This post has been overdue for quite a while now. I originally intended to post something about what I do at work soon after I started my new job. That was more than a year ago; time really does fly. Somehow there was always something else already in the pipeline and I never got around to do a proper post on laser Doppler vibrometry (LDV). This is about to change…

The concept of LDV is quite simple: Use an interferometer to determine the phase (and thus the optical path length) of laser light reflected from the device under test (DUT), or test object. If the DUT is moving, especially if it is vibrating, this phase will perform a harmonic oscillation or a superposition of such oscillations, depending on the particular movement of the DUT. Getting this all to work with the best possible performance is not so simple, though, and keeps lots of people at Polytec very busy. However, the exact implementation of LDV is not the topic of this post (and is a trade secret), and we’ll stick to the fundamental principles.

#### Interferometry

Figure 1 shows the principle of LDV using a Mach-Zehnder interferometer (MZI) as an example. We are not limited to this arrangement, though, and a number of interferometric setups can be used for LDV, as will be shown below.

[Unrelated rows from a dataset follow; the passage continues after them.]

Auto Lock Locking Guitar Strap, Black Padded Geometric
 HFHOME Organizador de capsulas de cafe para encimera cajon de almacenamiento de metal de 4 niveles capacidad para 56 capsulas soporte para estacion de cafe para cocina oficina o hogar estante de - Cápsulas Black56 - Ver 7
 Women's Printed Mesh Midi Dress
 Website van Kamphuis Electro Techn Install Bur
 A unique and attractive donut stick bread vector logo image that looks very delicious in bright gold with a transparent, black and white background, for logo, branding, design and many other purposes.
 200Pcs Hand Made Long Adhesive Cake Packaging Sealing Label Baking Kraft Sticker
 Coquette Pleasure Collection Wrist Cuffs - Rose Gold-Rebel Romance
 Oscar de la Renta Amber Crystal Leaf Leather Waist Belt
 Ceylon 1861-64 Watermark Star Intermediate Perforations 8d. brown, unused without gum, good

With an MZI, the laser beam is split into two paths by a polarizing beam splitter (PBS). The object, or DUT, is inserted in one of the paths, the other comprises a reference path. In a heterodyne vibrometer, a frequency shifter is inserted into one of the paths – it doesn’t matter which one. In a homodyne vibrometer, this frequency shifter is not needed. There are certain advantages and disadvantages to both methods, some of which are discussed a bit later. The reference and object beams are recombined in an optical hybrid (also called beam splitter or coupler) and the superposed beams are detected by one or two photodetectors. The polarizing beam splitters and the λ/4 plate ensure that the superposed beams are in the same polarization state (otherwise they would not mix coherently in the photodiodes).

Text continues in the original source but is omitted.